This article is from the Australian Property Journal archive
SHARES in FKP Property Group lifted out of the doldrums last week after getting a much needed boost from Lend Lease's failed $1.3 billion takeover bid.
Last Friday, FKP’s share price opened at $4.70 after entering a trading halt at $3.75 and was trading as high as $5.20 before closing 31.6% or $1.20 higher at $5.00.
More than 24 million volumes of shares traded valued at over $5 million, which help push FKP’s market capitalisation from $995.20 million to $1.33 billion.
The frenzy at FKP was driven by a takeover approach made by Lend Lease.
Lend Lease proposed to acquire all units in FKP for $5.00 per security in a scrip and cash deal. The price proposed plus retention of the final FKP distribution of 15.7 cents would have represented a substantial 65% premium to the three month volume weighted average FKP security price on the day prior to Lend Lease’s initial approach to FKP.
But FKP rejected Lend Lease’s bid, chairman Ben Macdonald labelled the approached by Lend Lease as unsolicited, highly conditional, and incomplete.
Macdonald said the proposal substantially undervalues FKP and is not one that the board can recommend to shareholders.
“The Lend Lease proposal is opportunistic and does not reflect FKP’s underlying value and future prospects. FKP is in a strong financial position and is set to deliver strong earnings growth from FY09 onwards.
“FKP is the market leader in the Australian retirement sector, and is also positioned to benefit from significant growth in its development, land and funds management divisions,” he concluded.
In response to FKP’s rejection, Lend Lease said it was disappointed with FKP’s board decision.
Lend Lease could have easily fund the takeover, the group has one of the lowest gearing in the listed property arena at 15.1%. A Lend Lease and FKP merger would have created a $5.5 billion company.
“Lend Lease believes the combination of the two companies would have provided an exciting opportunity to create a leading ASX listed, globally diversified property group with significant benefits for shareholders of Lend Lease and FKP.

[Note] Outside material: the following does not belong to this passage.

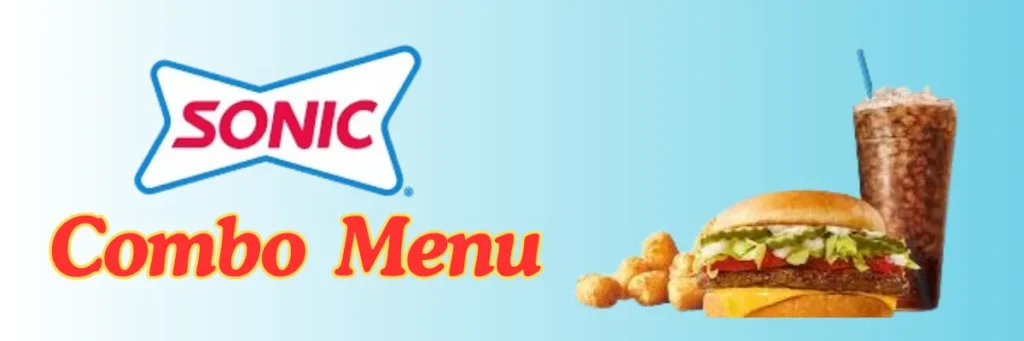 Sonic Menu with Prices & Calories (Updated May 2025) 21 welcome little one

“With Lend Lease’s strong balance sheet and low gearing, the combined group would have enhanced capacity to fund FKP’s development pipeline and to fund future growth,” Lend Lease said in a statement.
Lend Lease said it remains open to continuing discussions with FKP.
But the failed bid did not reflect positively on Lend Lease, its share’s closed 31 cents or 3.1% lower at $9.79.
Lend Lease also announced last Friday that it was experiencing delay in securing project debt for the 2012 Athletes’ Village project in Stratford, United Kingdom.
Lend Lease said it is working closely with the Olympic Delivery Authority to finalise contractual arrangements for the project. Both Lend Lease and the ODA remain confident that these will be finalised in the short term.
“Given current market conditions, it has taken longer than envisaged to secure project debt. Any debt funding will be project specific and is expected to be in place by the end of the year.
“Lend Lease’s equity contribution is subject to this funding being in place. Meanwhile Lend Lease has commenced work on site, including infrastructure works and piling on the first housing blocks, with arrangements in place for cost recovery from the ODA,” the group concluded.
In other FKP related news, FKP has maintained its total distribution/dividend of 31.7 cents per stapled security for the 2008 full-year based on an estimated distribution/dividend for the half-year of 15.7 cents per stapled security.
FKP is continuing to offer a Dividend Reinvestment Plan at a 2.5% discount.